9. Type III tumours w/Siewert classification of GE junction adenocarcinomas (Type I-III)?
a. Located more than 2 cm distal to the GE junction
b. Surgical treatment would consist of total gastrectomy
10. Transthoracic esophagectomy (TTE)?
a. This resection is traditionally done through an incision in the abdomen (or laparoscopic approach) and a separate incision through the right chest.
b. The stomach is brought into mediastinum and anastomosed to the proximal esophagus.
c. It is associated with a high rate of pulmonary complications due to pain from incisions in both the chest and upper abdomen.
11. Transhiatal esophagectomy?
a. This resection is done through an abdominal incision (or laparoscopic) and a cervical incision.
b. The gastric conduit is brought up through the posterior mediastinum and anastomosed to the cervical esophagus in the neck.
c. The major advantages of this approach a reduction in pulmonary complications compared to TTE and reduce mortality and morbidity associated with cervical anastomotic leaks.
12. Most predominant esophageal tumor type in the US?
a.
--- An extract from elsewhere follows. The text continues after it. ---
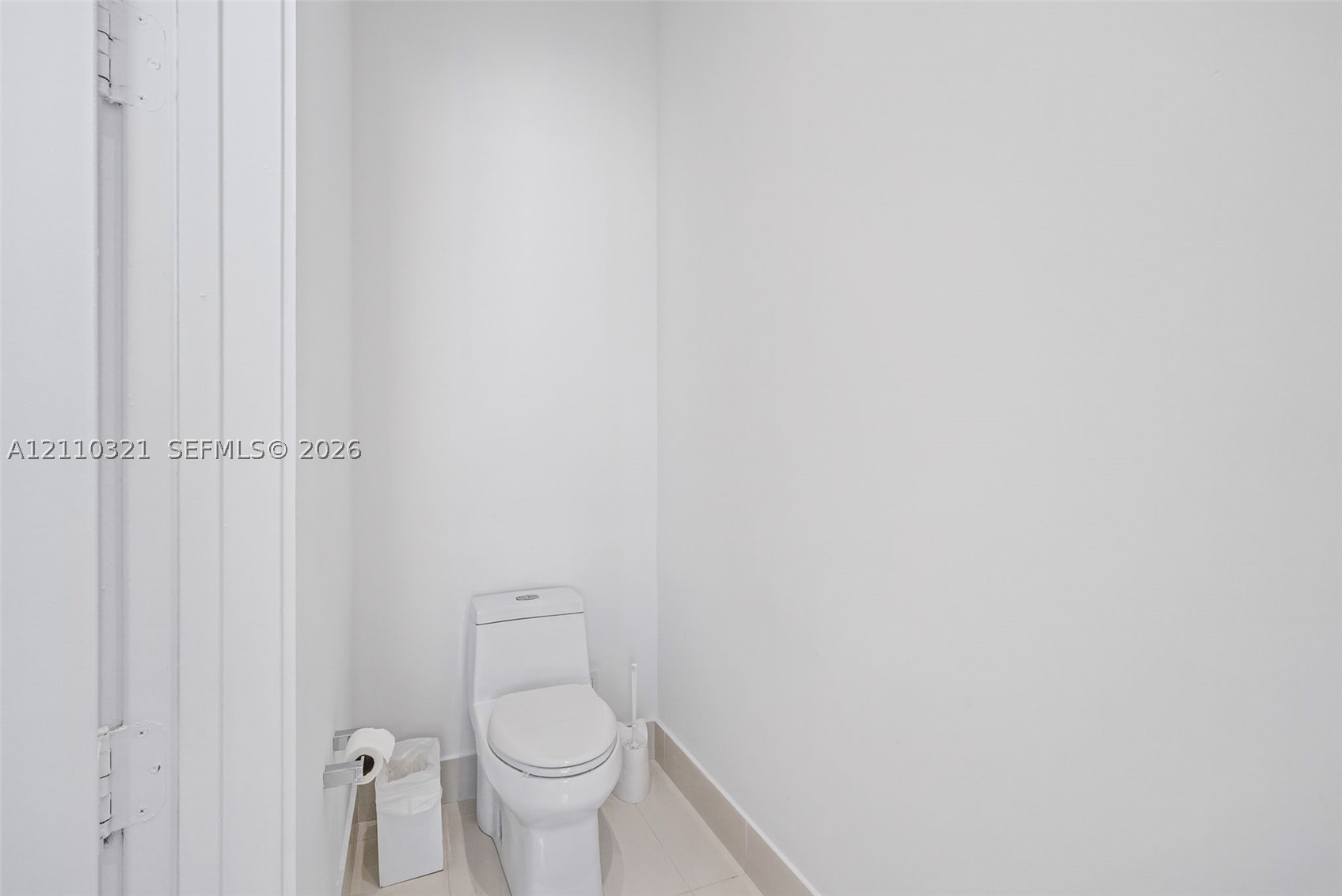 55 SW 9th St #PH4601, Miami FL 33130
Adenocarcinoma
13. Advantages of endoscopic stent placement for esophageal carcinoma?
a. Rapid relief of dysphagia
b. Treatment of choice for tracheoesophageal fistula
c. short procedural time/outpatient procedure
14. Disadvantages of endoscopic stent placement for esophageal cancer?
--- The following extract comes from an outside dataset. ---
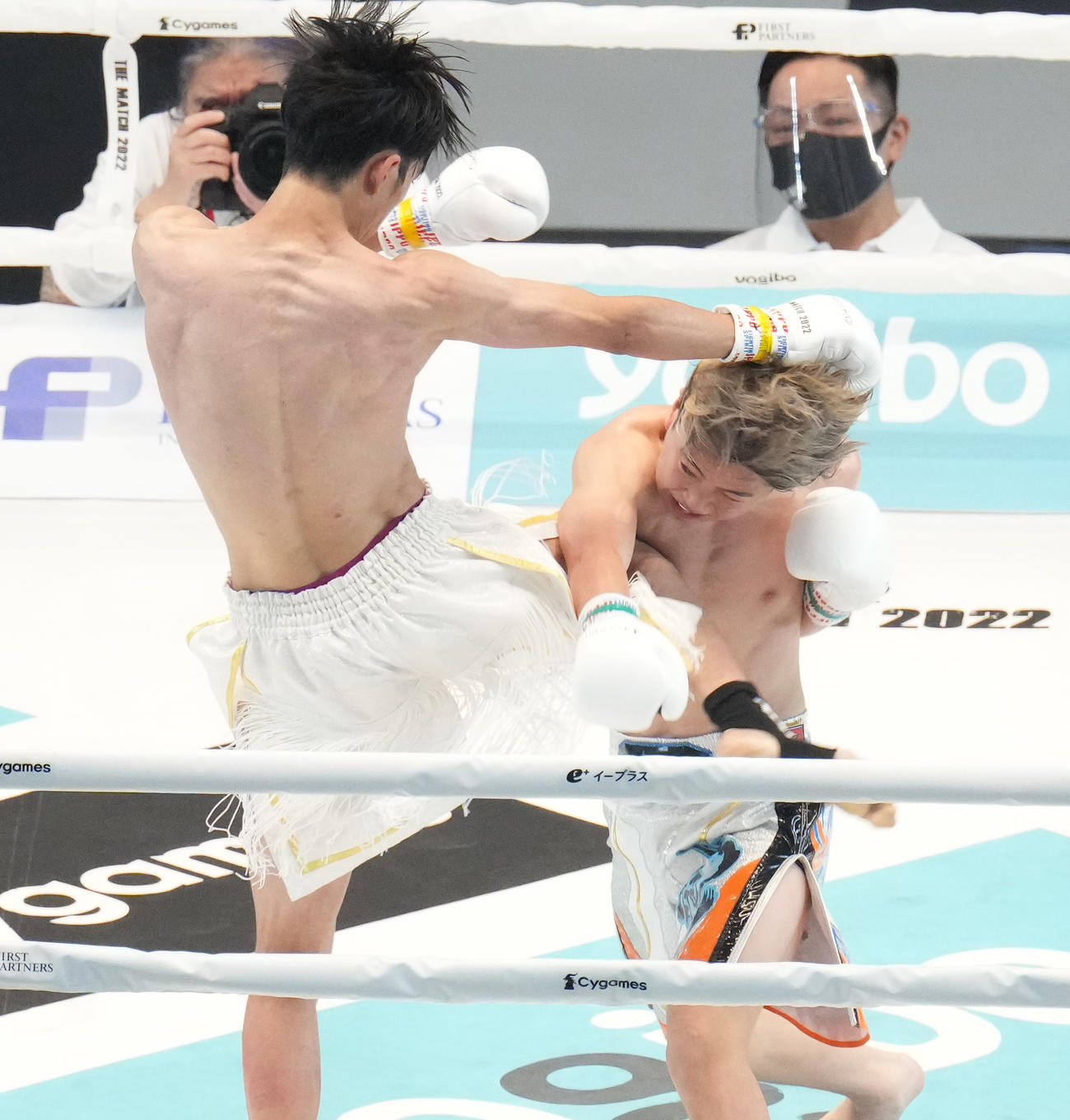 2回、大久保（左）のひざ蹴りを食らう那須川龍（撮影・菅敏）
a. Recurrence due to stent migration
b. Tumor overgrowth
c. Food impaction
d. Transient pain following placement
e. Gastroesophageal reflux
f. Increased risk of late hemorrhage
15. Advantages of photodynamic therapy and laser for esophageal carcinoma-Endoluminal destruction of obstructing lesions for esophageal cancer?
a. Works well with exophytic lesions
b. Generally low complication rates
16. Disadvantages of photodynamic therapy and laser for esophageal carcinoma-Endoluminal destruction of obstructing lesions for esophageal cancer?
a. Often available only in specialized centres
b. Repeat treatment every 4 to 8 weeks is needed.
17. Advantages of single-dose brachytherapy-intraluminal radiotherapy for esophageal cancer?
a. Long-term dysphagia improvement is better than stent placement.
b. Long-term quality-of-life score was better compared with stent placement
c. Lower rate of hemorrhage and stent placement
18. Disadvantages of single-dose brachytherapy-intraluminal radiotherapy for esophageal cancer?
a. Dysphagia relief is delayed in comparison to stent placement.
19. Optimal palliative chemotherapy combination for esophageal cancer?
a. epirubicin, cisplatin, and 5-FU
20. Advantages of palliative chemotherapy for esophageal cancer (epirubicin, cisplatin, and 5-FU)?
a. Treatment improves median survival
b. Responders may have improved quality of life due to release of obstruction.
21. Disadvantages of palliative chemotherapy for esophageal cancer (epirubicin, cisplatin, and 5-FU)?
a. Response to obstruction is variable
b. Therefore, additional treatment for obstruction may be needed
c. Relief from obstruction may be delayed
22. In whom is esophagectomy primarily performed?
a. Patients with potentially curable esophageal cancers.